Perhaps the biggest lesson learned from these artists was the willingness to share experiences both good and bad and to talk about what was happening. Sometimes this is too hard to do so and utilising the arts to help find ways to do this seemed a succinct and successful method. In the West it is now radicalisation that we are all scared of, with a number of young people having left the UK to go to fight with IS we need to think about how we can create opportunities for more open and honest discussion in schools, without using the labels ‘at risk’ or ‘problem’. In Turkey they are dealing with some of these issues using forum theatre, creating a safe space for young boys, 12–16 to talk about the IS gangs trying to recruit them and often, their fathers encouraging them to join. Theatre is giving them an avenue to think about their stories and where their decisions will take them, it giving the perspective and confidence to take a break and reflect before being drafted in these groups. There is no wrong opinion, all voices are heard and talented arts workers navigate this sensitively and with courage when many would flee. The Syrian artists understand what happens when people are silenced and are embracing and finding ways to encourage young people to share.
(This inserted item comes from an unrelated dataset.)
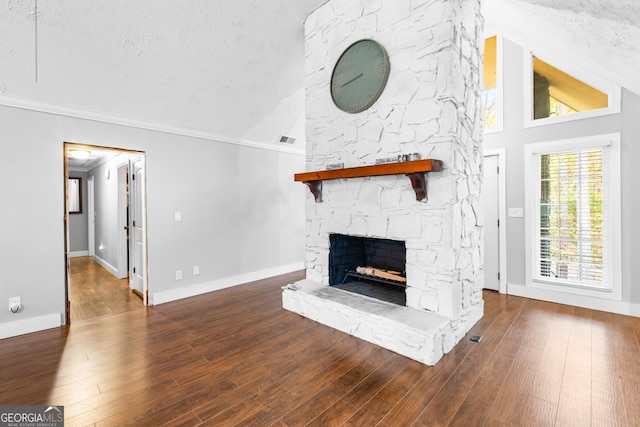 unfurnished living room with a stone fireplace, high vaulted ceiling, crown molding, hardwood / wood-style floors, and a textured ceiling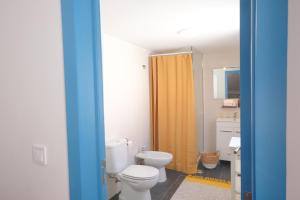 卡帕里卡海岸Maria Tereza Sea Villa的浴室设有卫生间和黄色的淋浴帘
Here in the UK there is so much we can learn. Firstly we can see what is happening and what are the consequences of war, what happened to those living the cites Russia has bombed, what it is like to have had to flee your country in fear, what it feels like to be terrified of your government or too scared to talk. Secondly, we can see how artists are finding ways to help answer some of the problems people have to face, living in hostile communities, dealing with the risk of their young men being radicalised or simply helping people face trauma through the arts.
We need to create opportunities for people to discuss their ideas and beliefs and above all we need to understand where these come from. We need to do this so we can challenge these ideas and provide new opportunities for our young people and I think some of these Syrian artists may have an idea.